Desideria Ampon
- Country (sports): Philippines
- Born: September 19, 1924

Medal record
Asian Games
| Silver medal – second place | 1958 Tokyo | Women's singles |
| Silver medal – second place | 1958 Tokyo | Women's doubles |
| Silver medal – second place | 1966 Bangkok | Women's doubles |
| Bronze medal – third place | 1958 Tokyo | Mixed doubles |
| Bronze medal – third place | 1962 Jakarta | Women's singles |
| Bronze medal – third place | 1962 Jakarta | Women's doubles |
| Bronze medal – third place | 1962 Jakarta | Women's team |
| Bronze medal – third place | 1962 Jakarta | Mixed doubles |
| Bronze medal – third place | 1966 Bangkok | Women's team |

= Desideria Ampon =

Filipino tennis player (born 1924)

Desideria Ampon (born September 19, 1924) was a Filipino former tennis player. She was the daughter of former tennis player Felix Ampon and the sister of Felicisimo Ampon.

She won the women’s singles event at the Philippines Open International Championships a record eleven times – in 1955, 1956, 1958, 1959, 1960, 1965, 1966, 1967, 1968, 1969 and 1971. Desideria also enjoyed success in the women’s doubles and the mixed doubles events at the same tournament.

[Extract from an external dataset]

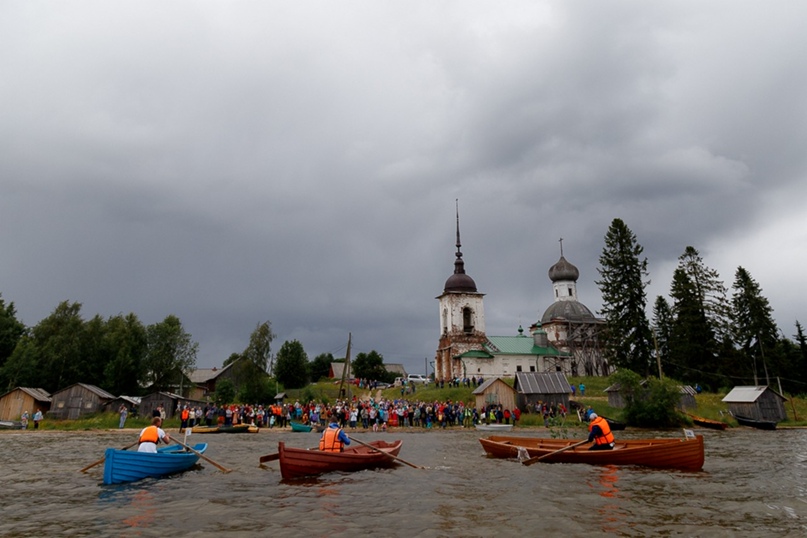 Лекшмозерская регата и праздник Петров день.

At the Asian Games, Ampon won nine medals over the course of three competitions. In 1958, in Tokyo, she won the silver medal in the women’s singles event, silver also in the women’s doubles event (w. Patricia Yngayo) and bronze in the mixed doubles event with her brother Felicisimo. In 1962, in Jakarta, Indonesia, Desideria won the bronze medal in the women’s singles event, women's team event and the bronze also in the women’s doubles event (w. Patricia Yngayo) and the bronze again in the mixed doubles event (w. Miguel Dungo). Lastly, in 1966, in the Thai capital Bangkok, Desideria won the silver medal in the women’s doubles event with Patricia Yngayo and the bronze medal in women's team event.